• _What you will do_
The answer must be an exact copy of the lines from the one containing "MIRLZAR Carter Men’s" through the last line of the records, with the pictures left out.

[Dataset entries]

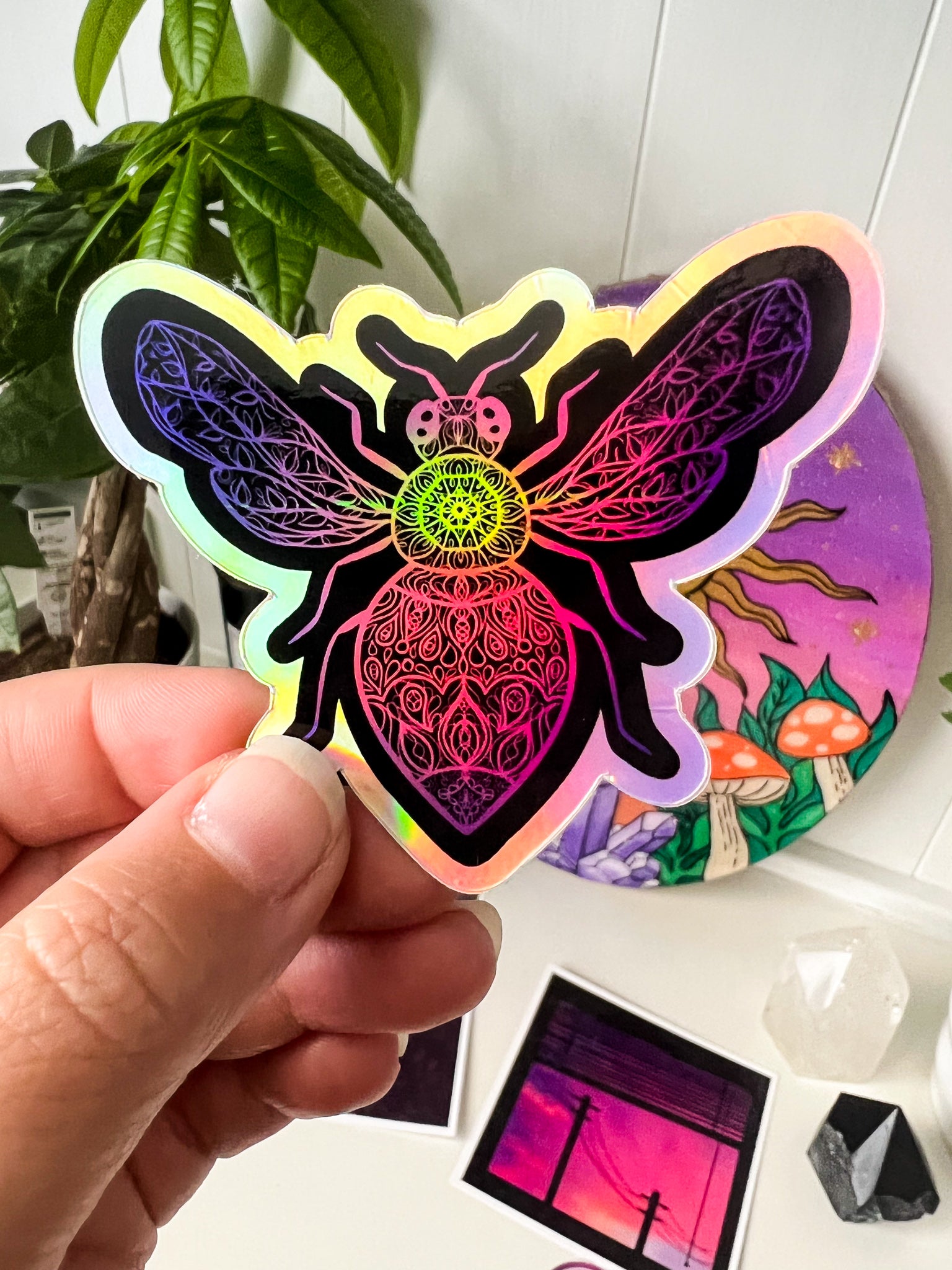 Holographic Honey Bee Sticker — Jamilah Henna Creations
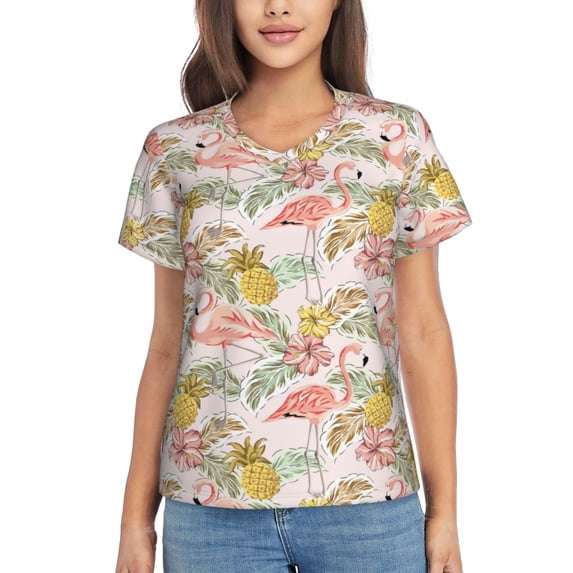 Uemuo Tropical Flamingo Pineapple Printed Women's Classic V-Neck T-Shirt - Soft, Breathable, Moisture-Wicking, Perfect for Casual, Office, Travel, and Everyday Wear-Small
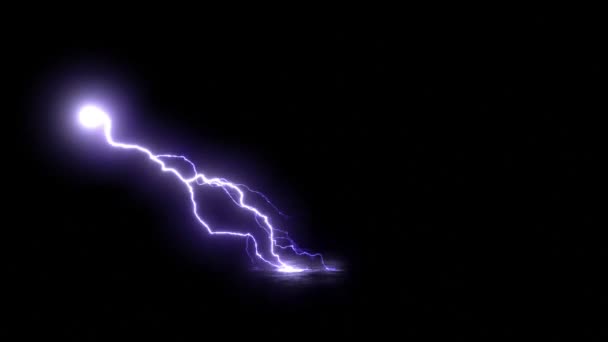 Realistic Blue Lightning Black Background — Vídeo de Stock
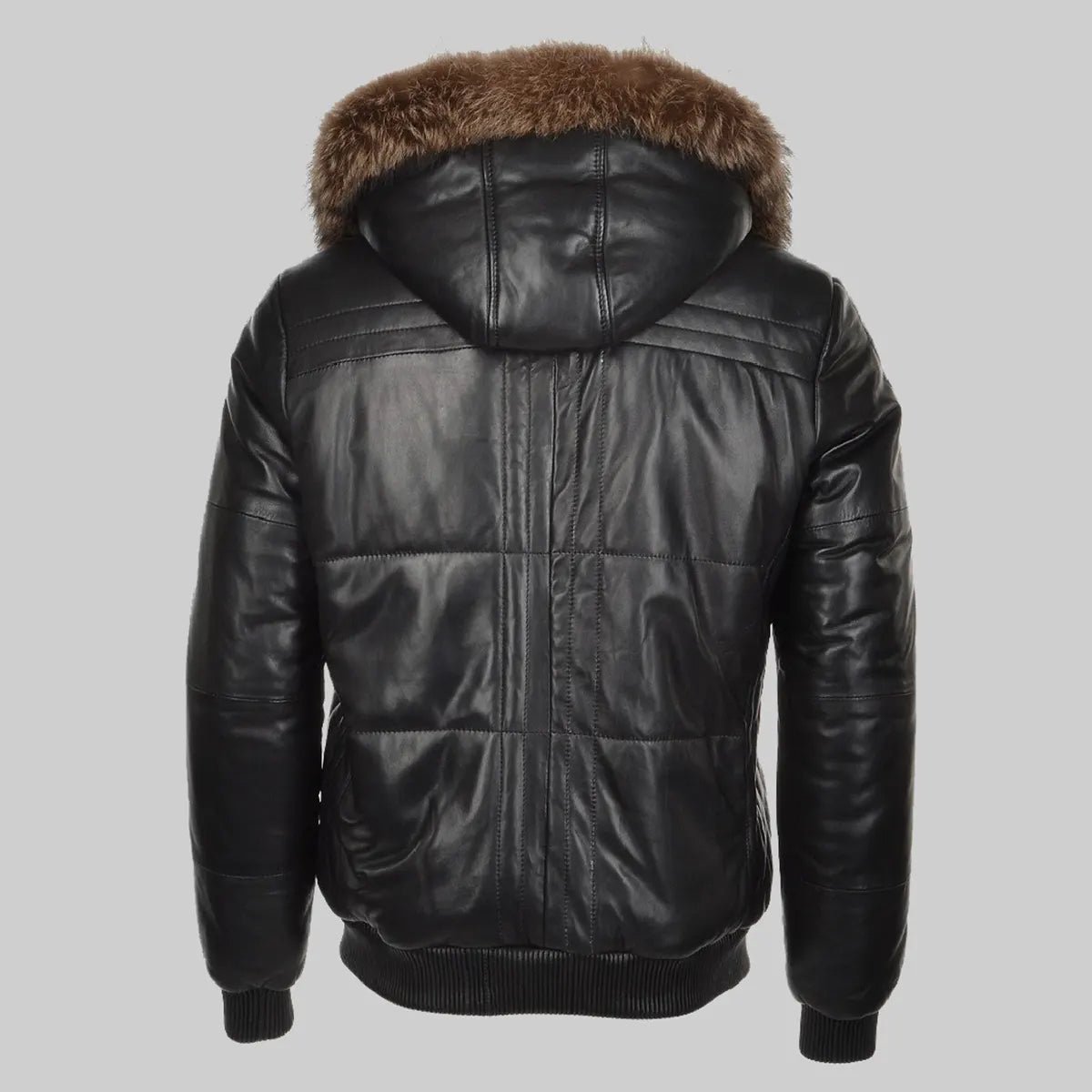 MIRLZAR Carter Men’s Black Bomber Fur Hooded Leather Jacket – Urban Winter Edition - Image 3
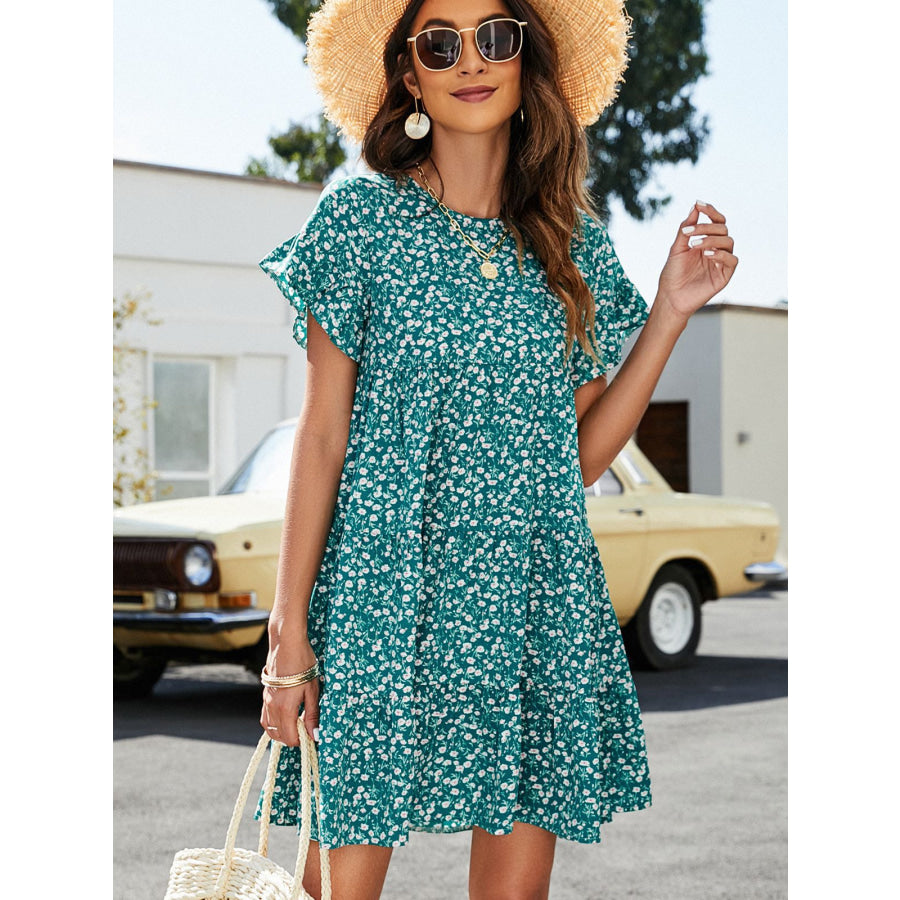 Leopard Short Flounce Sleeve Tiered Dress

[/Dataset entries]

• _Problem solution_
 MIRLZAR Carter Men’s Black Bomber Fur Hooded Leather Jacket – Urban Winter Edition - Image 3
 Leopard Short Flounce Sleeve Tiered Dress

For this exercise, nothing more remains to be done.